* [Exercise] Below are records; extract exactly the lines from the one containing "Nuevo cultivo de" through the last, both included, and keep the pictures out.

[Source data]
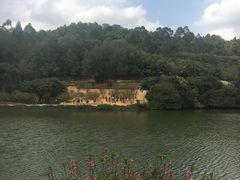 -南国桃园旅游度假区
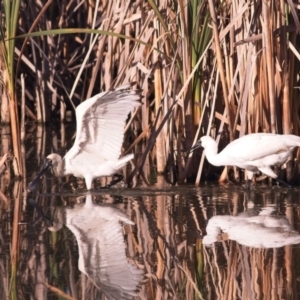 Platalea regia at Fyshwick, ACT - 10 Feb 2019 08:10 AM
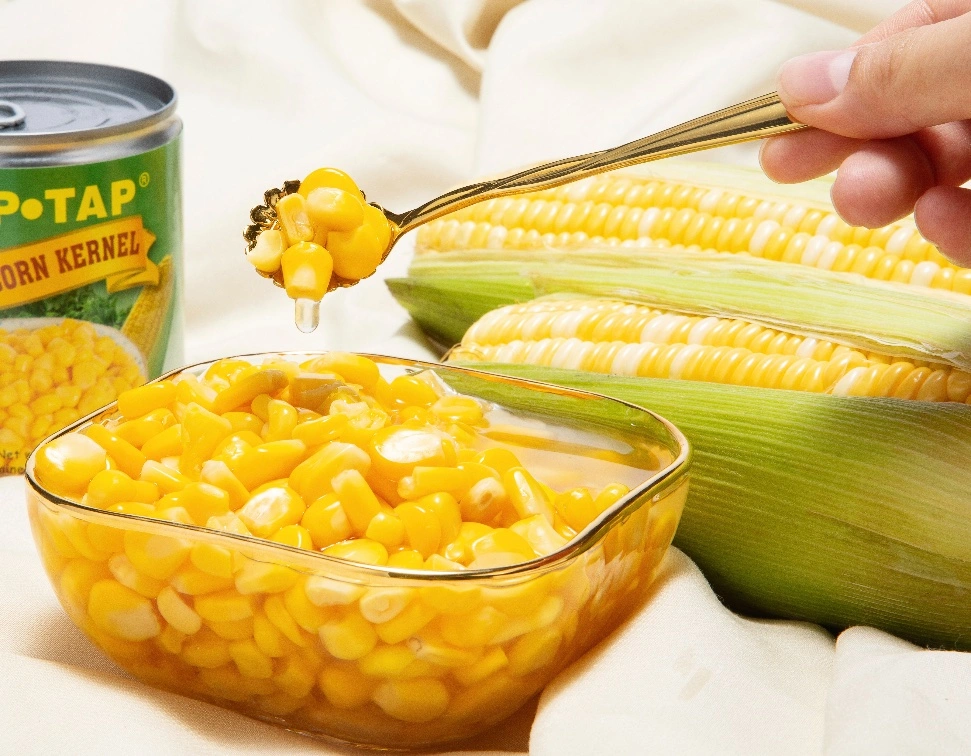 Nuevo cultivo de maíz dulce fresco 310g en lata con personalizado OEM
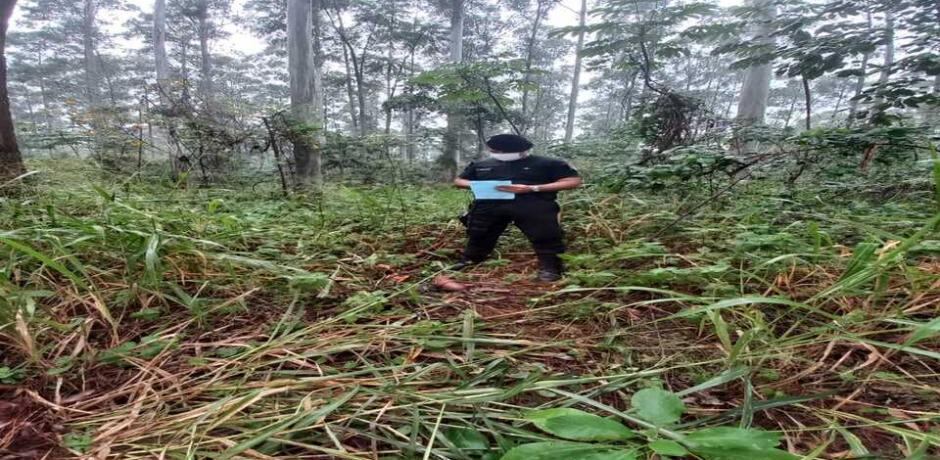 Recuperan herramientas presuntamente robadas en una zona de malezas en Montecarlo.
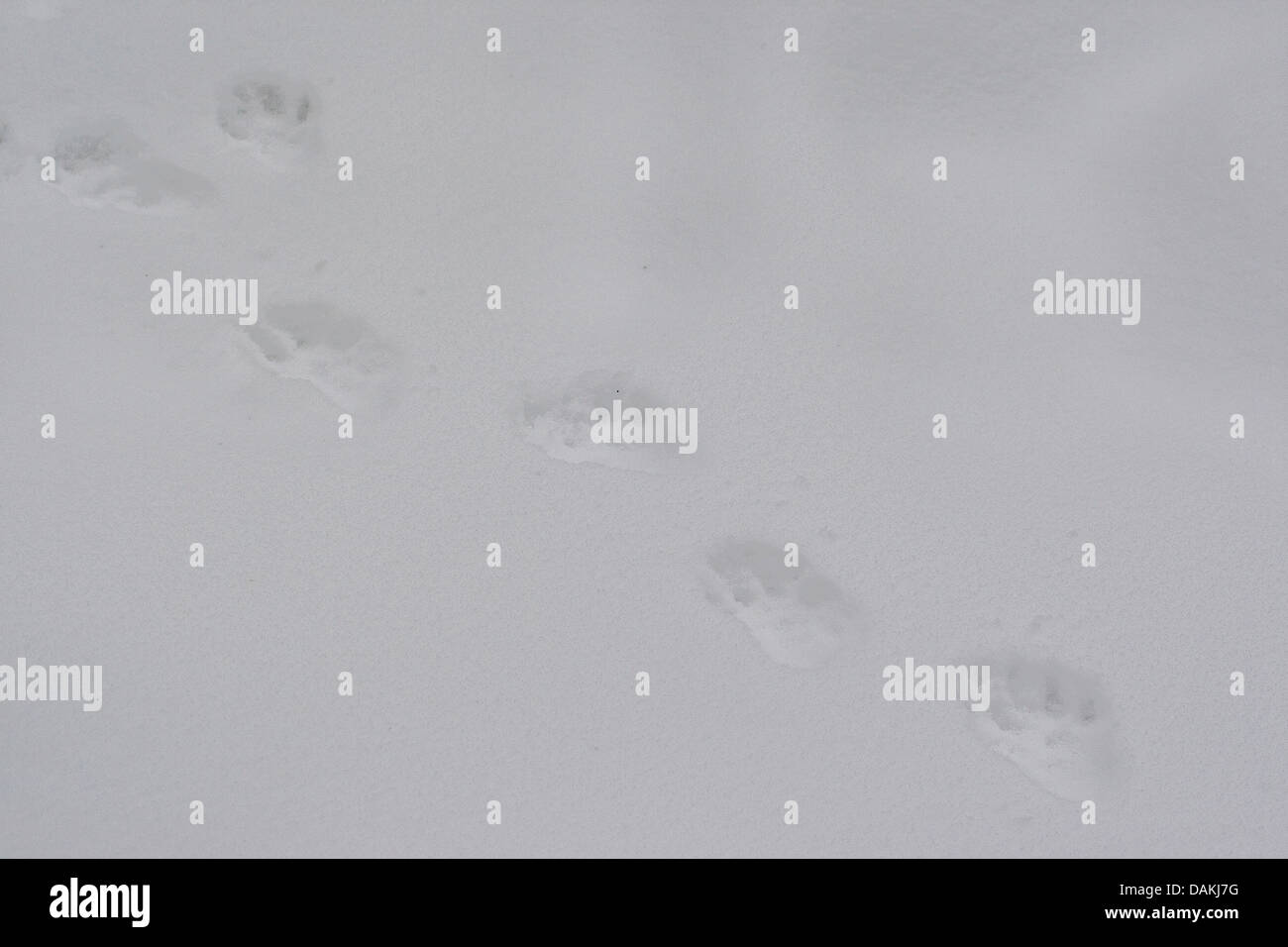 Unione martora (Martes martes), le tracce nella neve, Germania Foto Stock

* [Finished task]
 Nuevo cultivo de maíz dulce fresco 310g en lata con personalizado OEM
 Recuperan herramientas presuntamente robadas en una zona de malezas en Montecarlo.
 Unione martora (Martes martes), le tracce nella neve, Germania Foto Stock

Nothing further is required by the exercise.